Task item >> Retype nothing except the lines below from the one with "Zahnstocherhalter aus Eiche" through the one with "1421 Denver Dr, Plainfield, IN 46168", exactly, with images left out.

(Beginning of Data for this exercise)

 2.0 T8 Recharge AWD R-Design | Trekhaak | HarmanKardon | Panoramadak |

(End of Data for this exercise)
(Beginning of Data for this exercise)

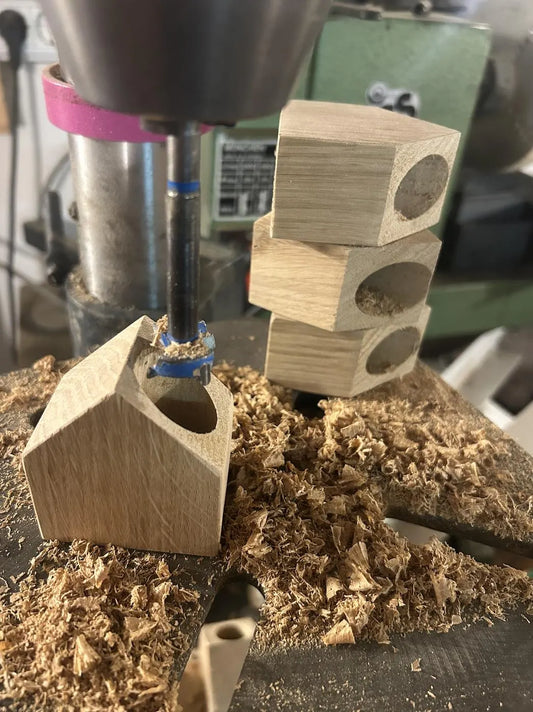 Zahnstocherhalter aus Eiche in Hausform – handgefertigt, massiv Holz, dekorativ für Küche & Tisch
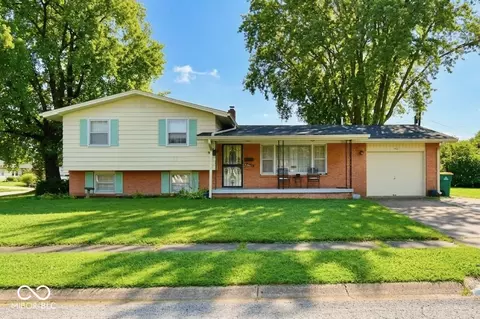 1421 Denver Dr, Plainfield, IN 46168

(End of Data for this exercise)
(Beginning of Data for this exercise)

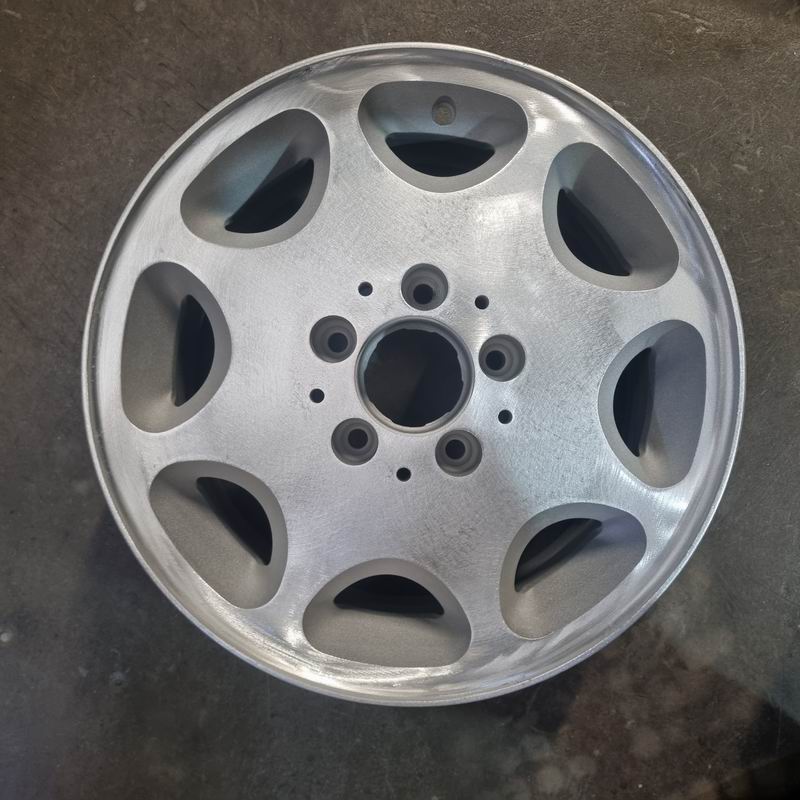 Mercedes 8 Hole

(End of Data for this exercise)

Completed task >>
 Zahnstocherhalter aus Eiche in Hausform – handgefertigt, massiv Holz, dekorativ für Küche & Tisch
 1421 Denver Dr, Plainfield, IN 46168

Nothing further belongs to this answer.